To avoid these sour flavours throughout history, most mainstream, modern brewing has cultivated yeasts and made them manageable and predictable, for an accessible and consistently delicious product. Until recently, soured beers were often thrown away, being dismissed as rotten, foul beer, rather than a craft specialty.

But that has changed and the heyday of the sour is here. These puppies make for great summery, fruity flavours, but they can certainly also be a little off-putting. For a more controlled fruity taste, maybe drink a cider instead — they’re generally made with only apples and controlled yeasts.

WHAT IS AN IMPERIAL BEER?

If a beer is an imperial, that just means it’s strong. Imperial stouts, imperial (or ‘double’) IPAs, they’re defined by being at least 8 per cent alcohol by volume.

A lot of the pricy imperial beers you’re going to find these days are ‘barrel-aged,’ which is exactly what it sounds like. These ‘vintages’ often have big, cool flavours soaked up from the wood in barrels formerly used to age other alcohols (usually whiskey).

WHAT IS A WHEAT BEER?

Wheat beer — or ‘white’ beer, because wheat literally means ‘that which is white’ — is classified under several different styles like wit, Weiss or gose. These beautiful babies — often classified as Belgian — showed up just about everywhere about ten years ago with the then heretical and now ho-hum idea of serving a pint with a slice of orange in it.

Most wheat beers are going to taste like cloves and coriander (because that’s what they’re brewed with), but the defining feature of the category ‘wheat beer’ is really just that it’s brewed with a predominantly wheat malt.
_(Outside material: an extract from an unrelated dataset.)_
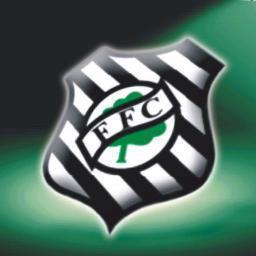Por ti torcemos Por isso somos alvinegros A força do Scarpellão!!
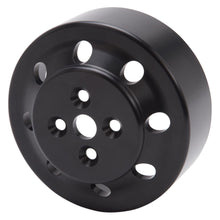 Load image into Gallery viewer, EDELBROCK 8899 - Pulley - Water Pump GM LS Series (8893/8894) image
They’re a cool way to capture complex, summery flavours, while staying fairly accessible to the average palate.

WHAT SHOULD I ORDER AT A CRAFT BEER BAR?

If you’re at a place that only sells craft beer, don’t be intimidated. There are tones of “starter” beers that make getting into craft an easy transition. If you want a Budweiser but you also want to grow a bushy beard and listen to Future Islands on vinyl, drink a kölsch. If you want something crazy, bold and fruity, drink a sour. If you want something refreshing, drink a half juice, half beer radler (which translates in German to cyclist, for whom the beverage was originally crafted).